Whose Healthcare is it anyway?

From the Nevada University Medical Center:

“Our people are really torn,” said Brian Brannman, UMC’s chief operating officer. “We want to take care of people who are ill. We’re proud that we can save lives. But our employees are also worried about the survival of UMC. They know that the appetite of taxpayers for helping undocumented immigrants is limited.”

Since April, UMC has been spending about $2 million per month providing emergency dialysis services to 80 illegal immigrants, Brannman said.

He projects that these services at UMC could run more than $24 million in the current fiscal year.

In each of the five prior years, the hospital provided the same emergency services to half as many illegal immigrants for a little more than $1 million per month.

Brannman said the hospital receives no reimbursement from federal, state or local sources to provide this life-saving treatment for people who have entered the country illegally.

But under federal law, any patient who shows up at an emergency department requesting an examination or treatment for a medical condition must be given an appropriate medical screening to determine whether there is an emergency. If there is, treatment must be provided.

“When we’re projecting a budget deficit of $70 million for fiscal year 2010, you can see that $24 million in dialysis treatment that’s not reimbursed is an awfully big chunk,” Brannman said.

UMC health care professionals say discussion of how to reform the nation’s health care system must include how to shore up taxpayer-supported hospitals, strained to the breaking point by following the law to care for those who are breaking it…

…”The federal government kicked the can down the road on the immigration issue and gave the bill to us,” Brannman said. “This is a federal policy failure that is driving huge health care costs to our citizens.”



Wednesday, August 12, 2009

Balancing Act

This is the time of year when the best commercial on TV comes on. It is a bunch of ecstatic parents singing "It's the most wonderful time, of the year!" This is a "back to school" commercial for Staples. Most parents are still trying to piece together childcare and all in the weeks post camp but pre school year. Most moms are beginning to run out of "rainy day activities" and some even will guiltily admit that they can not wait until their children leave them to return to the routine of school.

One of my friends blogged about Lisa Belkin who has written some articles and books on the topic of "balance". I agree with her that most of us just try to do our best and meet the challenges before us. The rest of it is the polarizing stuff that women tend to beat themselves up with, and why? I don't hear men talking about "balance" very much, do you?

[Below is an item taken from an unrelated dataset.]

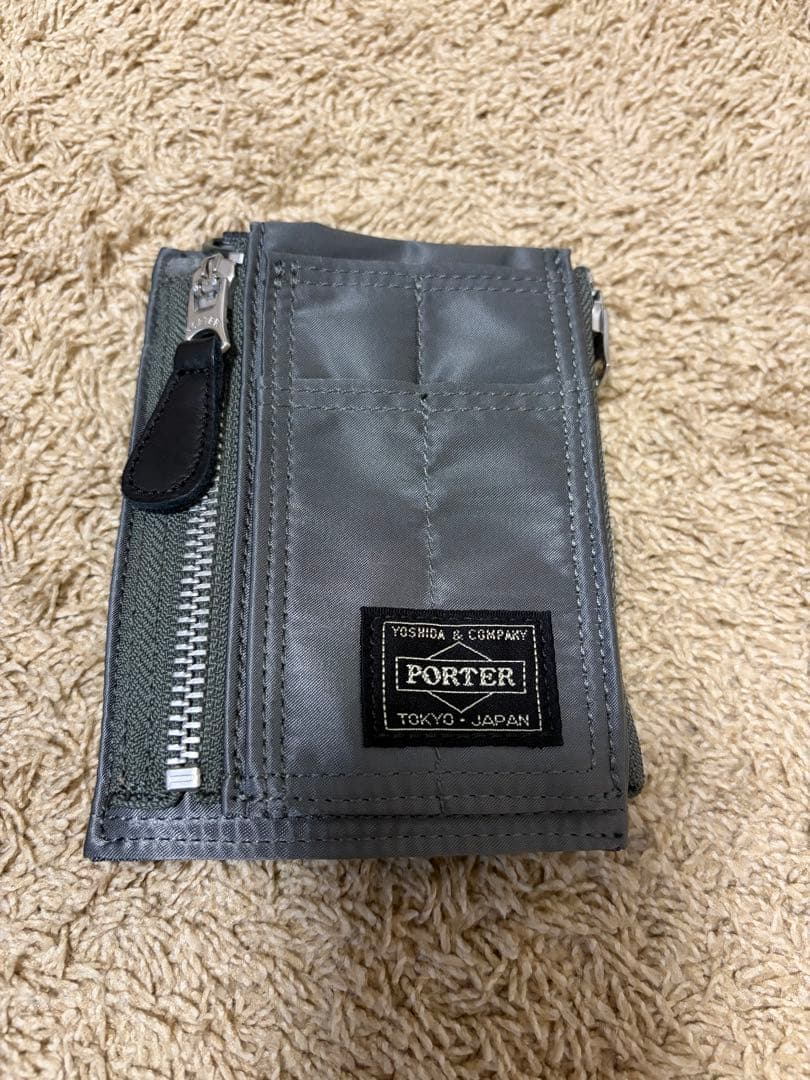 PORTER×Buzz Rickson's MA-1 & WALLET Mサイズ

I have met Lisa and she had attended a networking group I helped to found. She lifted some of the stories she wrote about from things she heard, no crime there of course! I don't think I have really learned anything "new" from this type of writing and instead I think a lot of women find reason to judge one another.

There are a lot of "full circle moments" as we age. You think back to the choices you made, or were forced to make and look at what happened--good bad or unexpected. Mostly it is all good. If you have the right attitude.

Of course this is the first year that we are sending our 18 year old to college and it is a bit more bittersweet than earlier years where the quiet that descended on the house was so welcome after the first bus came and went.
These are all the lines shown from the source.